El mes del padre también coincide con el aniversario del filósofo existencialista Jean-Paul Sartre (21 de junio de 1905-15 de abril de 1980) autor de la autobiografía Las palabras, publicada originalmente en 1964, uno de sus libros más celebrados. Aquí unos fragmentos.

La muerte de Jean-Baptiste fue el gran acontecimiento de mi vida: hizo que mi madre volviera a sus cadenas y a mí me dio la libertad.

Como dice la regla, ningún padre es bueno; no nos quejemos de los hombres, sino del lazo de paternidad, que está podrido… dejé detrás de mí a un muerto joven que no tuvo el tiempo de ser mi padre y que hoy podría ser mi hijo. ¿Fue un mal o un bien? No sé; pero acepto con gusto el veredicto de un eminente psicoanalista: no tengo superyó.

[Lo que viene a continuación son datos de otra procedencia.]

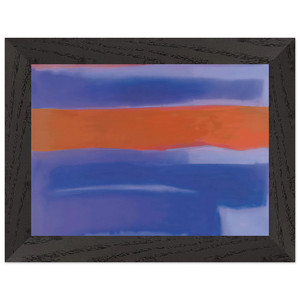 Esteban Vicente  UNTITLED 1980 N4 Premium Wooden Framed Art Print / Poster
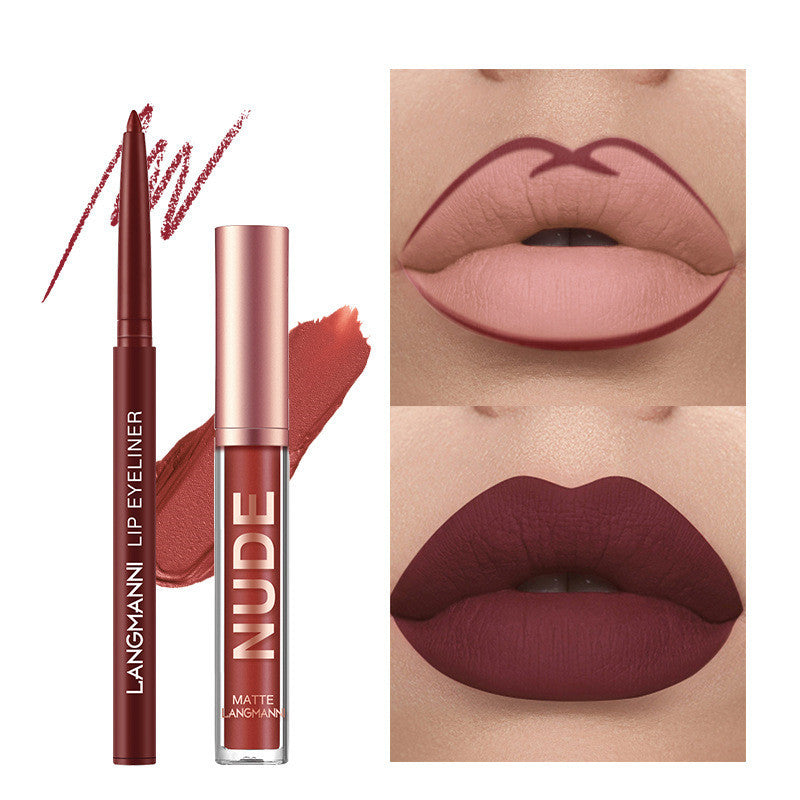Lip Liner And Lipstick Set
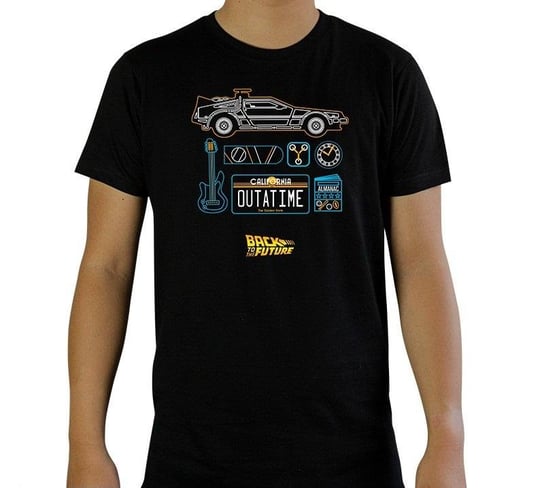 koszulka back to the future - delorean - men's t-shirt - (m) Inna marka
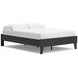 Socalle Matte Black Full Platform Bed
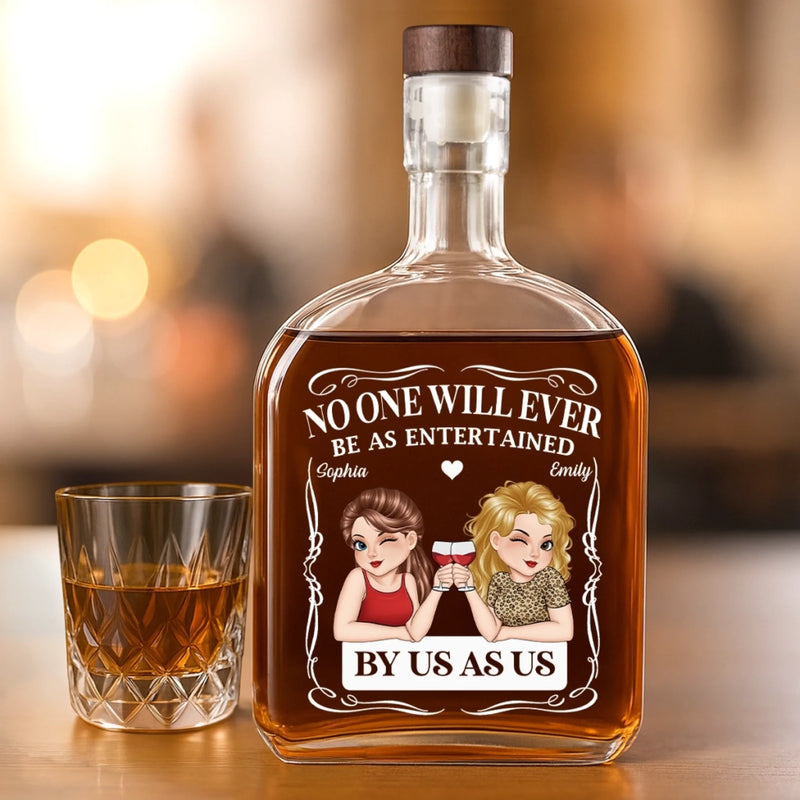 Custom Whiskey Bottle - Personalized Best Friend Birthday Gifts For Women, Besties, Sisters, BFF - Forever Cheers Together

Morir no basta: hay que morir a tiempo. Más tarde, me hubiera sentido culpable; un huérfano consciente se perjudica… Yo estaba encantado; mi triste condición imponía respeto, fundaba mi importancia; yo contaba a mi luto entre mis virtudes. Mi padre había tenido la galantería de morir perjudicándose a sí mismo; mi abuela no hacía más que repetir que se había sustraído a sus obligaciones; mi abuelo, justamente orgulloso de la longevidad de los Schweitzer, no admitía que nadie pudiese desaparecer a los treinta años; en vista de lo sospechosa que era su muerte, se puso a dudar de que su yerno hubiera existido alguna vez, y al final lo olvidó. Yo ni siquiera lo tuve que olvidar; al despedirse a la francesa, Jean-Baptiste me había negado el placer de conocerle. Aún hoy me extraña lo poco que sé sobre él. Sin embargo, amó, quiso vivir, se vio morir; es lo bastante para hacer a todo un hombre… Durante varios años, pude ver, encima de mi cama, el retrato de un pequeño oficial de ojos cándidos, con la cabeza redonda y calva, y grandes bigotes; el retrato desapareció al casarse mi madre otra vez. Más tarde heredé unos libros que le habían pertenecido… leía libros malos, como todos sus contemporáneos. En los márgenes descubrí unos garabatos indescifrables, signos muertos de una pequeña iluminación que fue viva y danzarina en los alrededores de mi juventud. Vendí los libros: el difunto me concernía muy poco… No soy un jefe ni aspiro a serlo. Mandar y obedecer es lo mismo. El más autoritario manda en nombre de otro, de un parásito sagrado —su padre—, transmite las abstractas violencias que padece. Nunca en mi vida he dado una orden sin reír, sin hacer reír… Yo ignoraba la violencia y el odio; me libraron del duro aprendizaje que son los celos… al principio solo conocí la realidad por su risueña inconsistencia… No hay nada más divertido que jugar a ser bueno…

 

Novedades en la mesa

Del poeta Raúl Renán (Mérida, 2 de febrero de 1928-Ciudad de México, 14 de junio de 2017), maestro de escritores y fundador de editoriales y revistas alternativas, los poemarios: Cosas de la rutina grosera (1941), De las queridas cosas (1982), Gramática fantástica (1983), Viajero en sí mismo (1992) y Piedras del adivino (2016).